• **Exercise brief**
For this exercise, reproduce each entry below exactly, excluding pictures.

##### The data

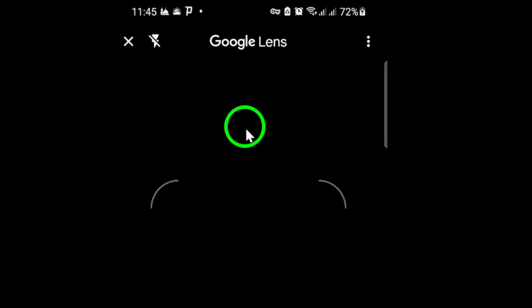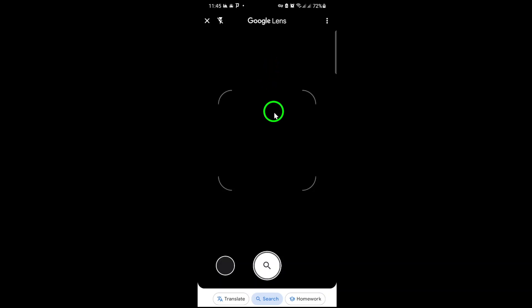Now, point your camera at the QR code you want to scan. Make sure the QR code is centered within the frame displayed on your screen. Chrome will automatically detect and process the code. In just a moment, you'll see the content linked to the QR code, whether it's a URL, text, or other data, ready for you to access.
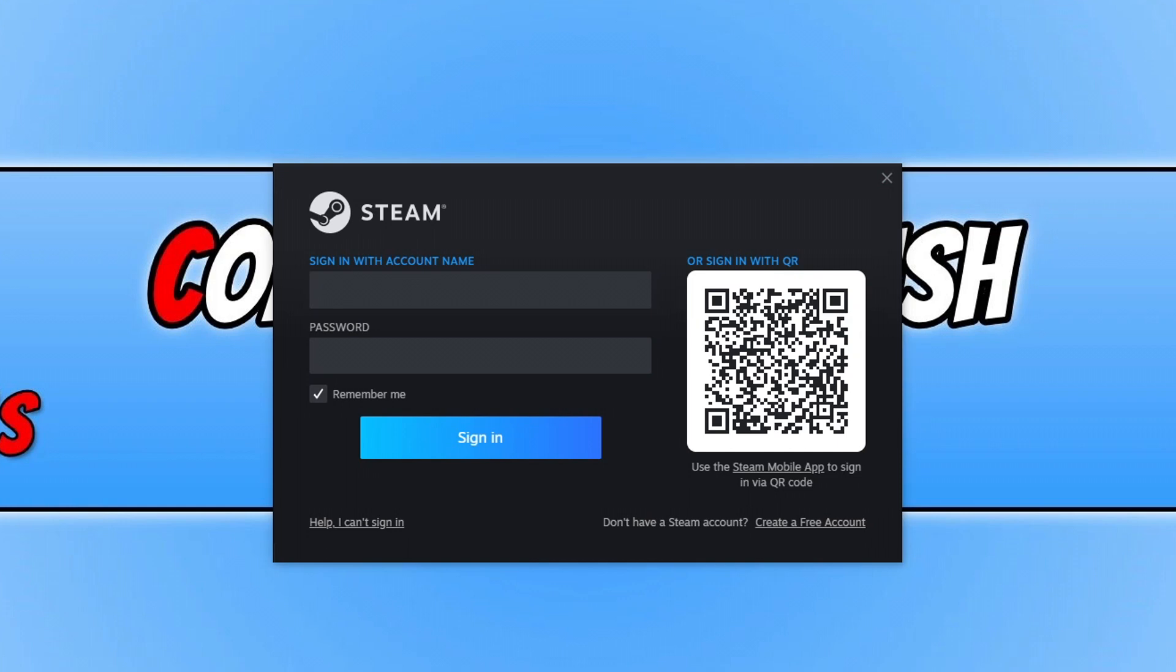Once Steam has finished installing, the next thing you need to do, if you have a Steam account, is sign into your account. If you don't, then you need to click on Create a Free Account. So I'm now going to go ahead and sign into my Steam account by typing in my account name and then my password.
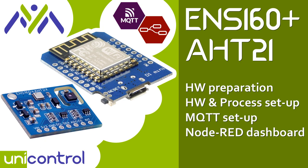Hi! Today we're going to learn how to easily monitor air quality using just the ENS160 and HT21 combined sensor, a D1 Mini with UniControl and a Node-RED dashboard.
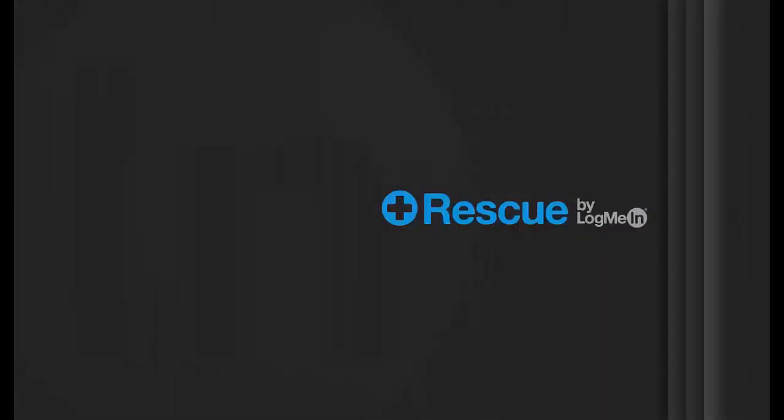LogMeInRescue is a solution that offers anytime, anywhere support built with the power, security, scalability, and reliability that users have come to expect.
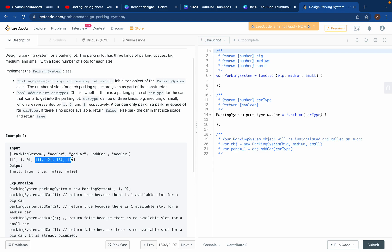So the first car is a big car — is there a space for it? Yes, there is one space, so we return true. The second is a medium car — we have one medium space, so return true. The third is a small car, but the small space is zero, so return false. Then we get another big car — but we already used that one big space, so it's now zero, and we return false.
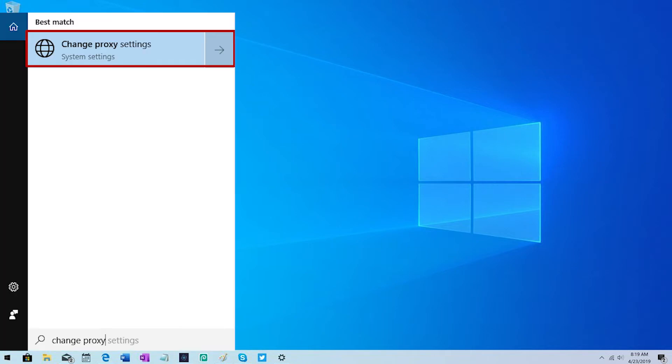First press Windows plus S at the same time to open operating system's search console. Write proxy and you will see the option change proxy settings. Click on it.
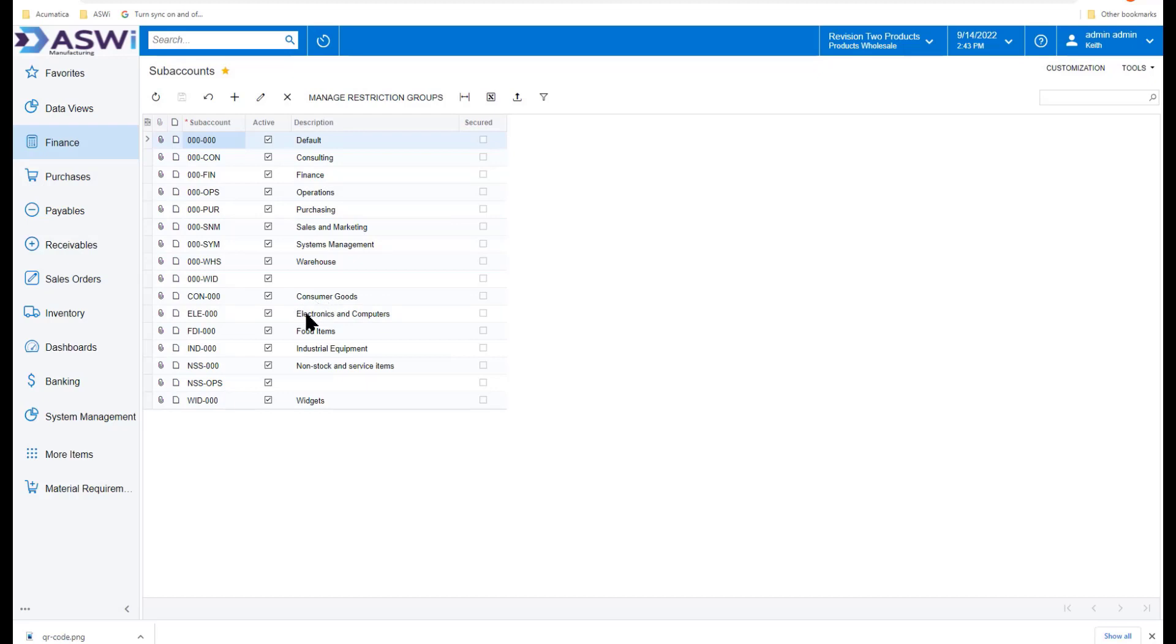But also I can set it up to look at items that I'm selling. For instance, my consumer goods, my electronics, my food items. And this will really help when we take a look at it in the P&L later on.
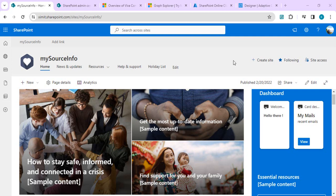Hello everyone, welcome back to the channel. In today's video we are going to talk about one new advanced API feature related to Viva Connections dashboard, which enables us to create any adaptive card and tie that adaptive card with SharePoint APIs or MS Graph API without writing a single line of code.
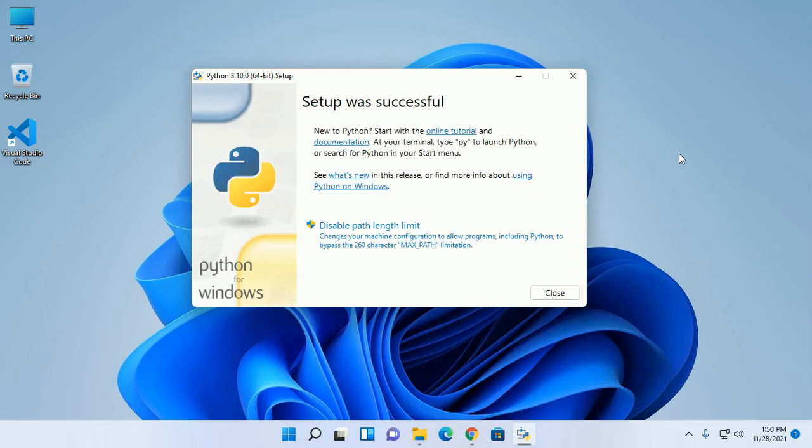Setup was successful. Now click on close.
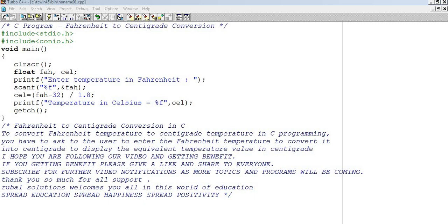Hello and welcome to our YouTube channel, Drupal Solutions. In this video,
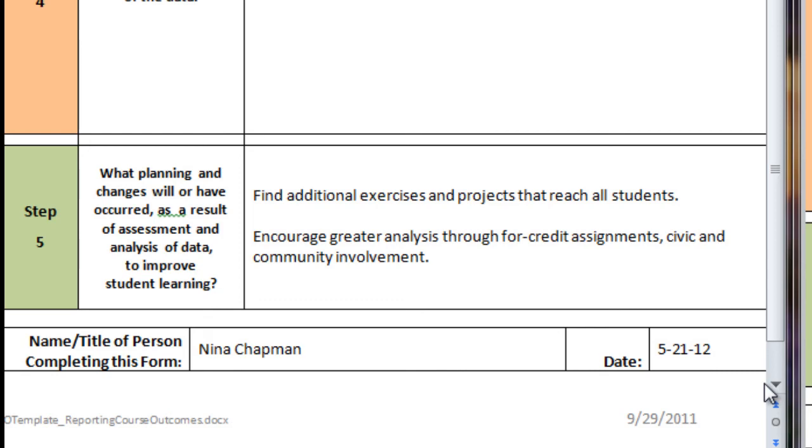When you've completed the assessment forms, forward the electronic version to the person coordinating SLOs in your department. And that is it. Thank you.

##########

• **Expected output**
Now, point your camera at the QR code you want to scan. Make sure the QR code is centered within the frame displayed on your screen. Chrome will automatically detect and process the code. In just a moment, you'll see the content linked to the QR code, whether it's a URL, text, or other data, ready for you to access.
Once Steam has finished installing, the next thing you need to do, if you have a Steam account, is sign into your account. If you don't, then you need to click on Create a Free Account. So I'm now going to go ahead and sign into my Steam account by typing in my account name and then my password.
Hi! Today we're going to learn how to easily monitor air quality using just the ENS160 and HT21 combined sensor, a D1 Mini with UniControl and a Node-RED dashboard.
LogMeInRescue is a solution that offers anytime, anywhere support built with the power, security, scalability, and reliability that users have come to expect.
So the first car is a big car — is there a space for it? Yes, there is one space, so we return true. The second is a medium car — we have one medium space, so return true. The third is a small car, but the small space is zero, so return false. Then we get another big car — but we already used that one big space, so it's now zero, and we return false.
First press Windows plus S at the same time to open operating system's search console. Write proxy and you will see the option change proxy settings. Click on it.
But also I can set it up to look at items that I'm selling. For instance, my consumer goods, my electronics, my food items. And this will really help when we take a look at it in the P&L later on.
Hello everyone, welcome back to the channel. In today's video we are going to talk about one new advanced API feature related to Viva Connections dashboard, which enables us to create any adaptive card and tie that adaptive card with SharePoint APIs or MS Graph API without writing a single line of code.
Setup was successful. Now click on close.
Hello and welcome to our YouTube channel, Drupal Solutions. In this video,
When you've completed the assessment forms, forward the electronic version to the person coordinating SLOs in your department. And that is it. Thank you.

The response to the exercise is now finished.